I soliti idioti 3 e maschere senza tempo
Ruggero De Ceglie e il figlio Gianluca, gli(im)moralisti Giampietro e Marialuce, gli zarri della Barona milanese Patrick e Alexio, la postina Gisella, la coppia di omosessuali, Fabio e Fabio. Le maschere ci sono tutte e non sono minimamente invecchiate. Un po’ perché l’Italia e il mondo, nonostante tanto sia cambiato in questi dieci anni, nel profondo sono rimati gli stessi. Anzi, sono solo peggiorati. E un po’ perché i personaggi nati dalla mente di Biggio e Mandelli sono senza tempo. Delle tele sulle quali poter proiettare, di volta in volta, qualsiasi bruttura, difetto, vizio o debolezza.
Con I soliti idioti 3 riprendono i loro personaggi e li immergono nella contemporaneità. A fare da sfondo alle loro storie l’unica città possibile: Milano. La più europea e moderna ma, allo stesso tempo, anche la più provinciale.

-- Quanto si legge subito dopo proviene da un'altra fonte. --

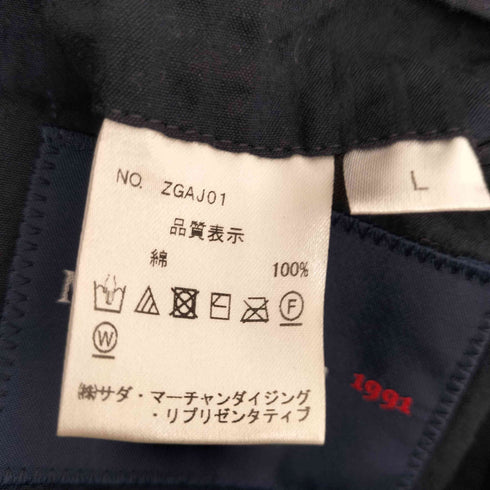 メーカーズシャツカマクラ Makers Shirt 鎌倉 シアサッカー ストライプ テーラードジャケット メンズ JPN:L
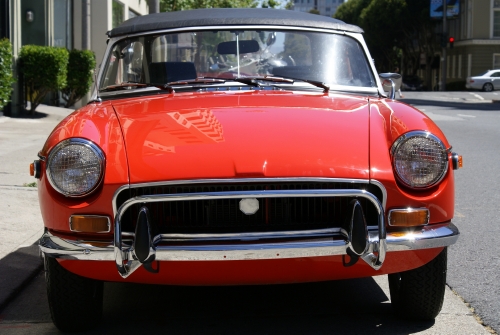 Used 1970 MG B Convertible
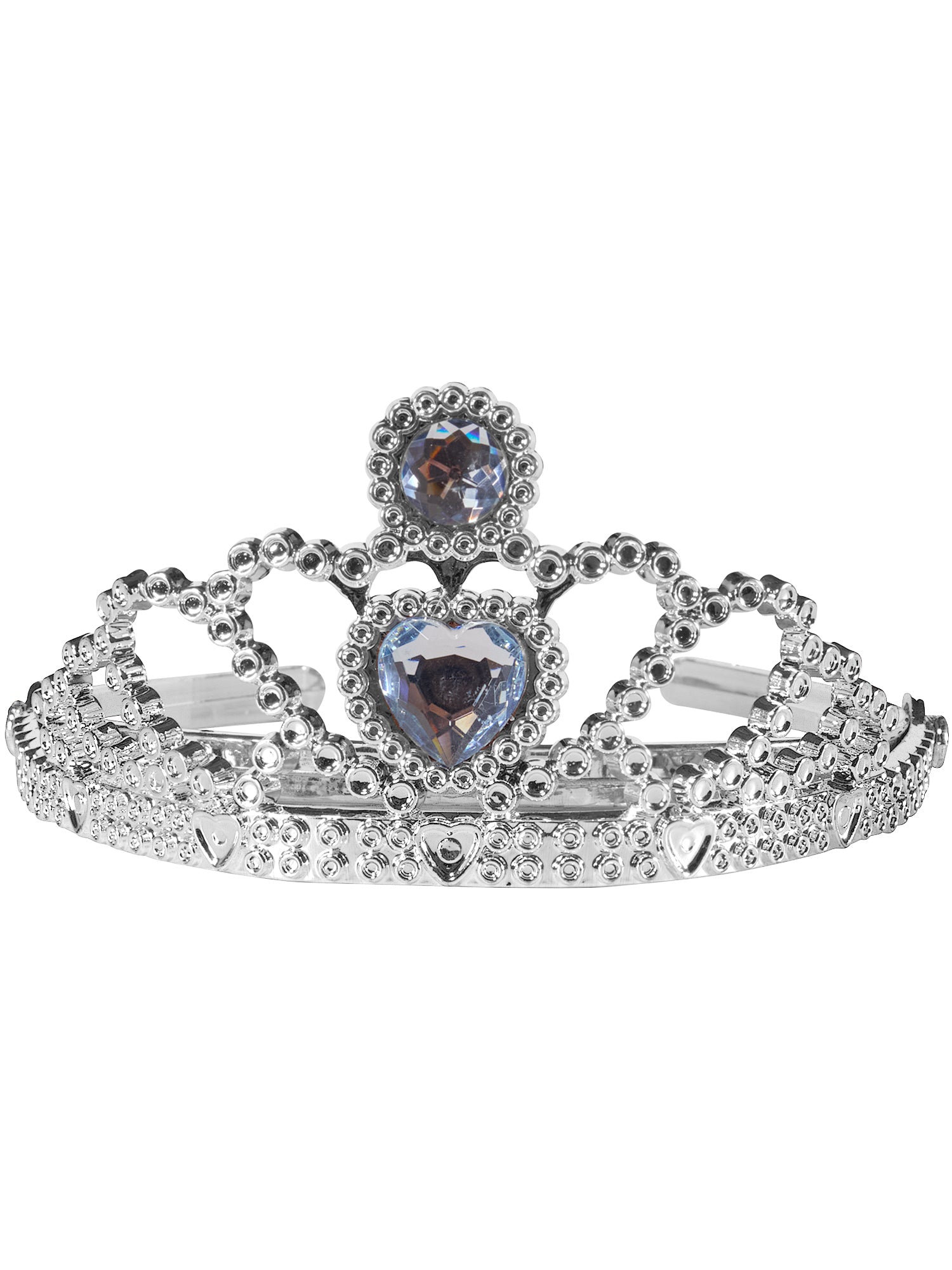 Girls' Blue Midnight Princess Dress and Tiara - costumes.com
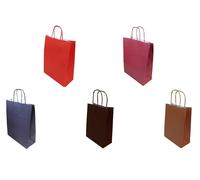 Buste Carta Mix Colours 26x11x35 Pz 25 Decorazioni Natale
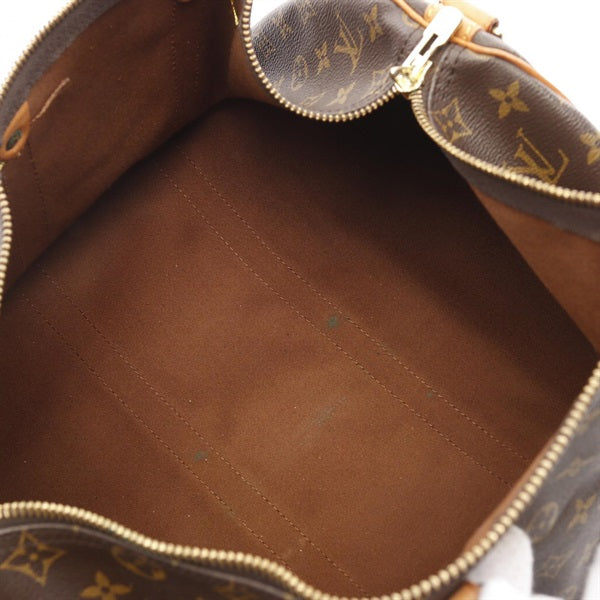 LOUIS VUITTON Monogram Keepall Bandouli?re 45 Travel Bag M41418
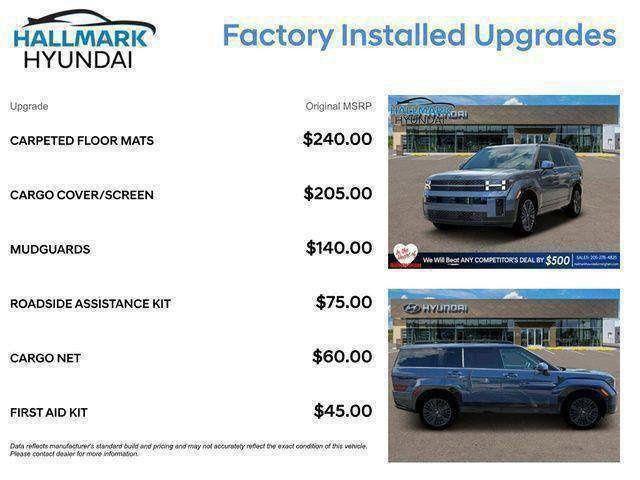 Hyundai Santa Fe Hybrid  2026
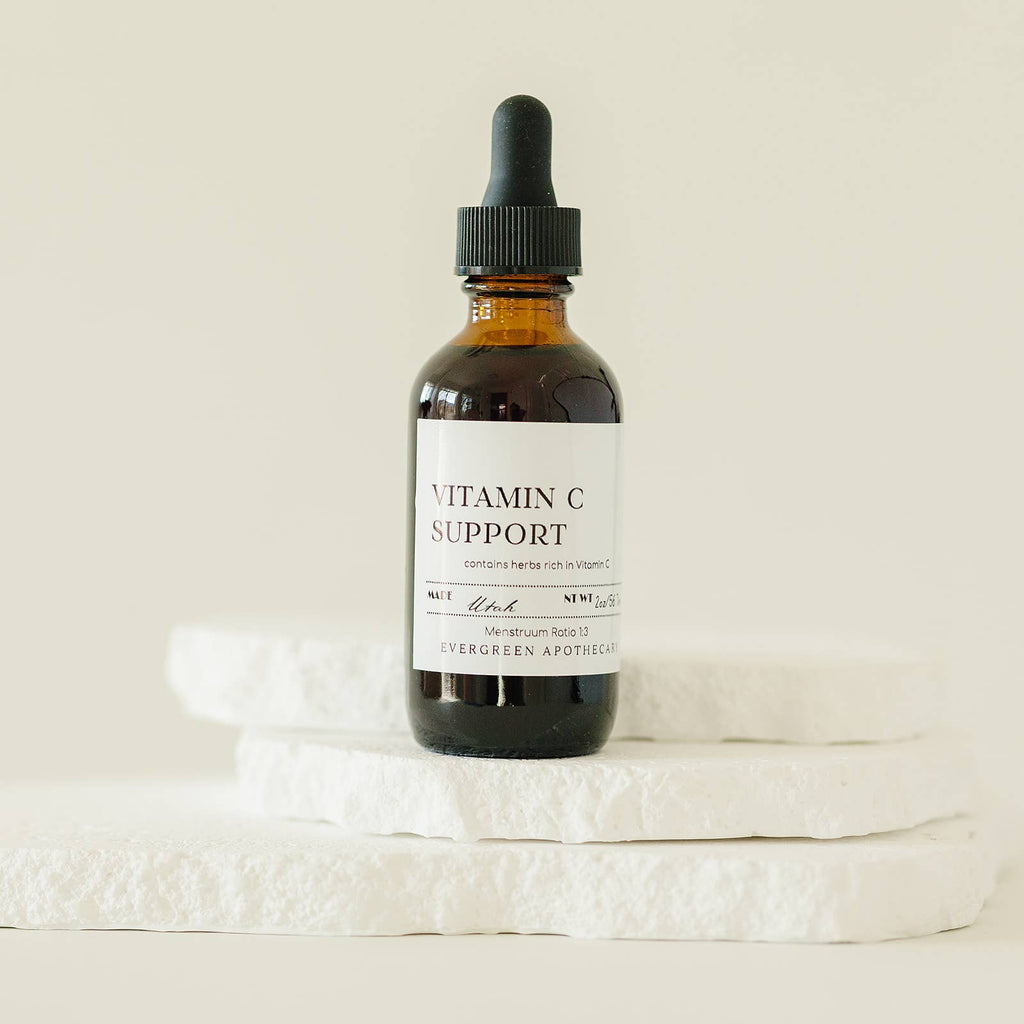 Vitamin C Support Tincture by Evergreen Apothecary 2oz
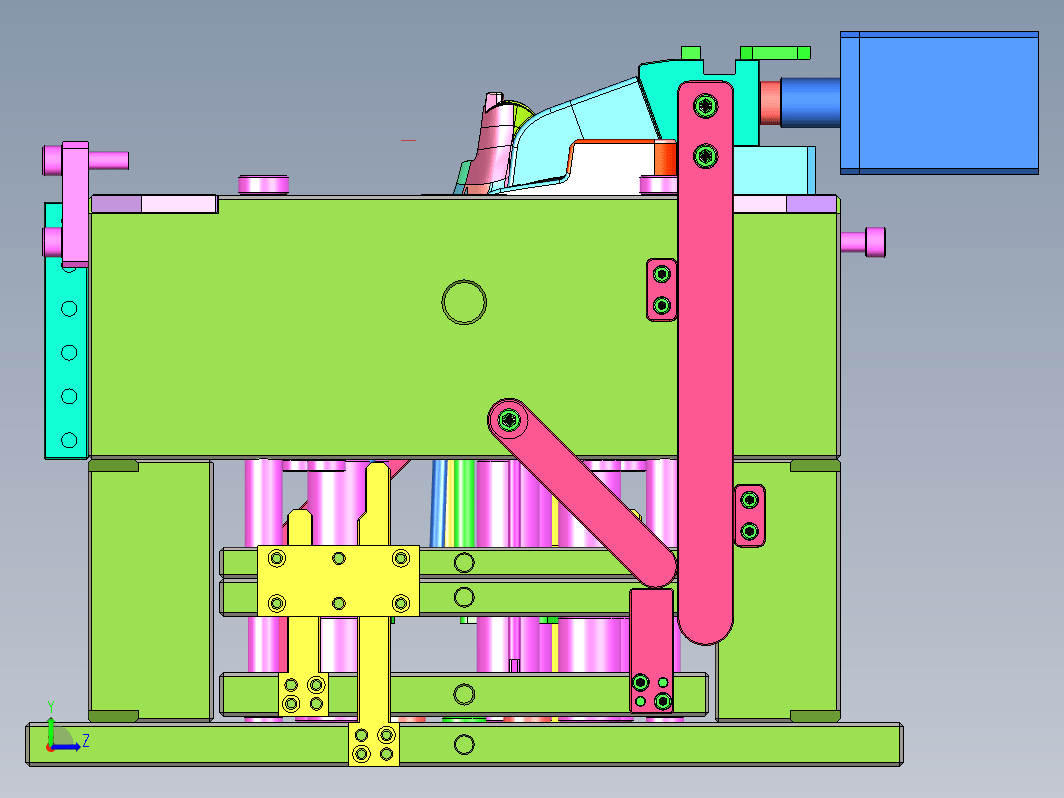 大型汽车模具A37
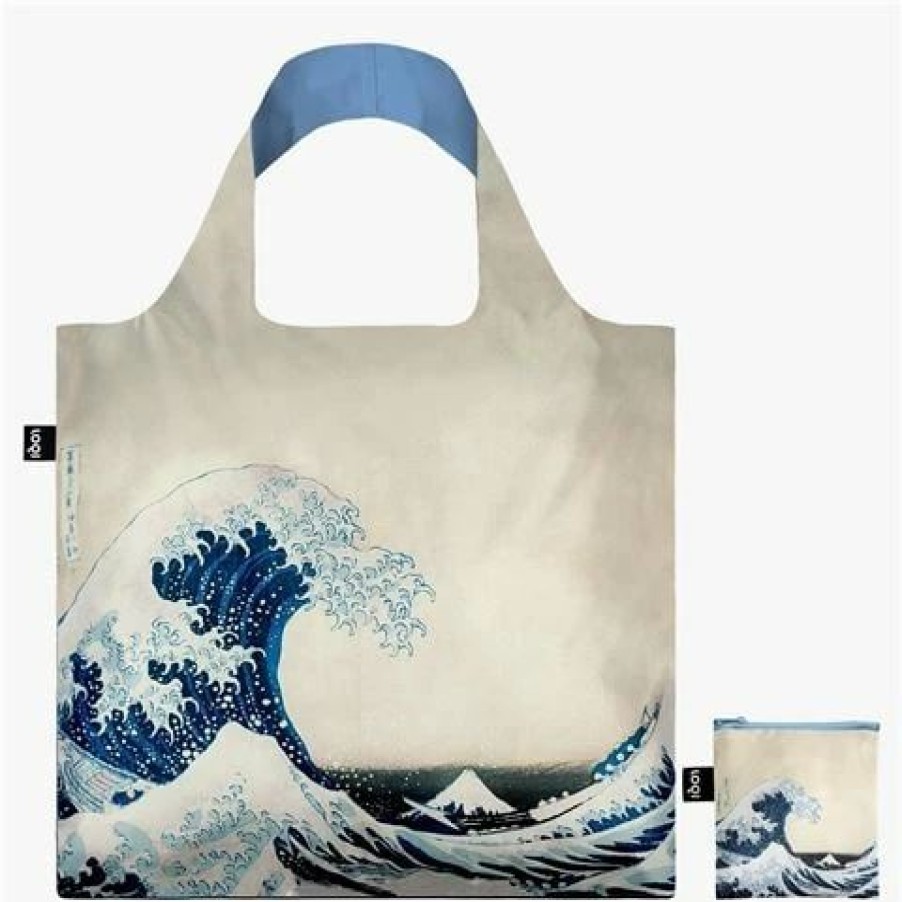 * | Loqi Museum Collection Katsushika Hokusai The Great Wave Bag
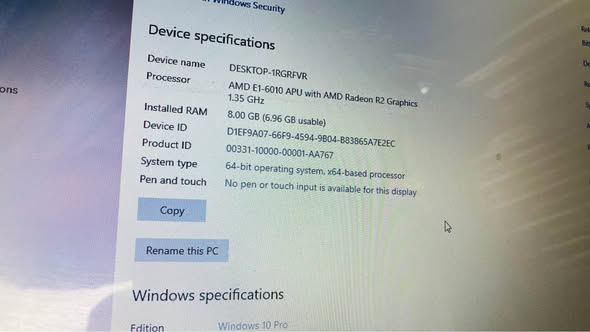 Lenovo pc photo 4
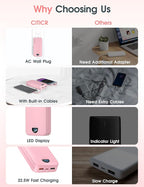 Portable Charger Power Bank, 20000mAh 22.5W USB C Fast Charging Power Bank - Image 3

Dentro c’è tutto quello che contraddistingue il nostro presente: la crisi climatica e le case ecosostenibili di un futuro che è già qui, l’intelligenza artificiale (con un omaggio a Her di Spike Jones) e la tv dei people show e dei quiz, la fluidità e i gratta e vinci, l’aggressività immotivata e il bisogno di sentirsi accettati dalla società che conta.
Una struttura narrativa troppo esile
Il filo conduttore che collega i vari segmenti è la famiglia, tra il complesso rapporto padre e figlio di Ruggero e Gianluca alla voglia di maternità di Marialuce passando per gli zarri Patrick e Alexio alle prese con una paternità inaspettata. E sono proprio loro due i personaggi che funzionano di più perché così – tristemente – reali nel saper cristallizzare una gioventù di periferia fatta di sigarette elettroniche, sessismo, calcio e giornate passate al bar.
Ma I soliti idioti 3 ha una struttura narrativa troppo esile. Un’ora e trenta di sketch ininterrotti che, già a metà della sua durata, finisce per ripiegarsi su se stesso e depotenziarne la forza. Non basta una gag più divertente di un’altra. Serve un’idea più forte alla base, delle fondamenta sulle quali costruire un film. Perché l’impressione è quella di assistere ad una giustapposizione di scene comiche. E così, quello spirito anticipatore che aveva contraddistinto il duo e i loro personaggi, finisce per lasciare posto a un retrogusto stantio. Menzione d’onore a Giordano De Plano, attore capace di illuminare la scena qualsiasi ruolo interpreti.